Task data =
--- START ---

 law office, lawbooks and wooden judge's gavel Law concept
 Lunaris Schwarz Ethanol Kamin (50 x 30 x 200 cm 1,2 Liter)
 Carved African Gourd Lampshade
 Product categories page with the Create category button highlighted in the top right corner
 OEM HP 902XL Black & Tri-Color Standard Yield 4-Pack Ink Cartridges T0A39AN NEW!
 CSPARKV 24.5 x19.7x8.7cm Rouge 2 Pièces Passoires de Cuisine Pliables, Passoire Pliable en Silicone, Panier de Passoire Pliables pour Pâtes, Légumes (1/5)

--- END ---
--- START ---

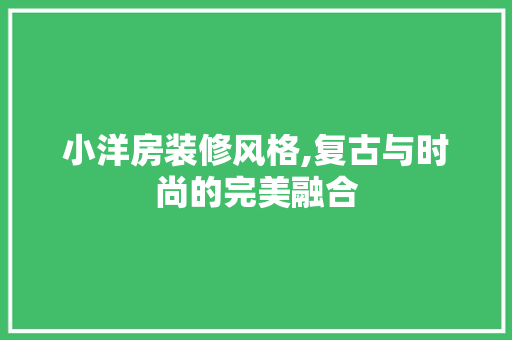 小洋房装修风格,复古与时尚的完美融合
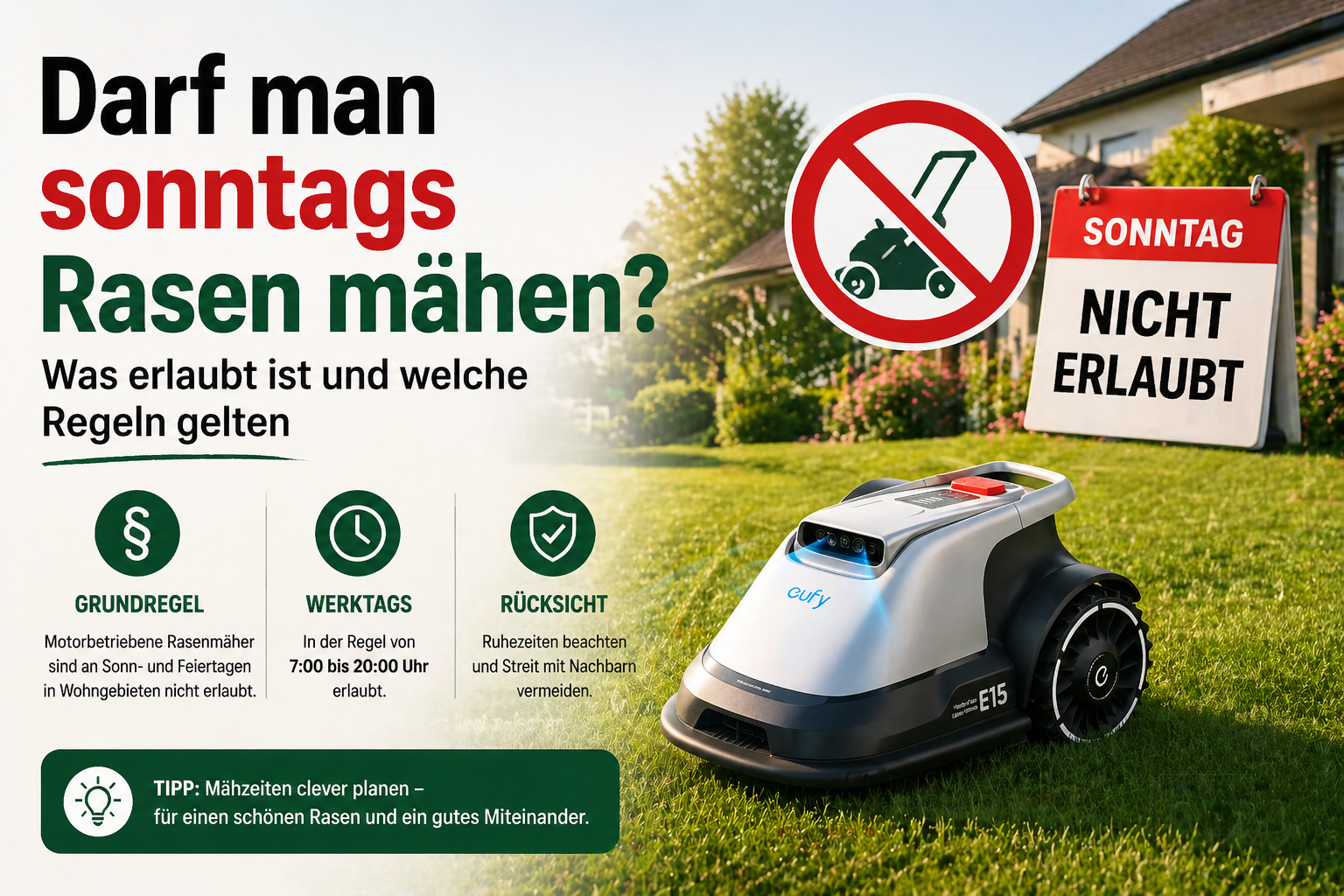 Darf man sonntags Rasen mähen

--- END ---

Exercise description =
Find the line with "law office, lawbooks" in the entries above. Retype it and each line after it, exactly, through the line with "OEM HP 902XL", and stop there.

Problem solution =
 law office, lawbooks and wooden judge's gavel Law concept
 Lunaris Schwarz Ethanol Kamin (50 x 30 x 200 cm 1,2 Liter)
 Carved African Gourd Lampshade
 Product categories page with the Create category button highlighted in the top right corner
 OEM HP 902XL Black & Tri-Color Standard Yield 4-Pack Ink Cartridges T0A39AN NEW!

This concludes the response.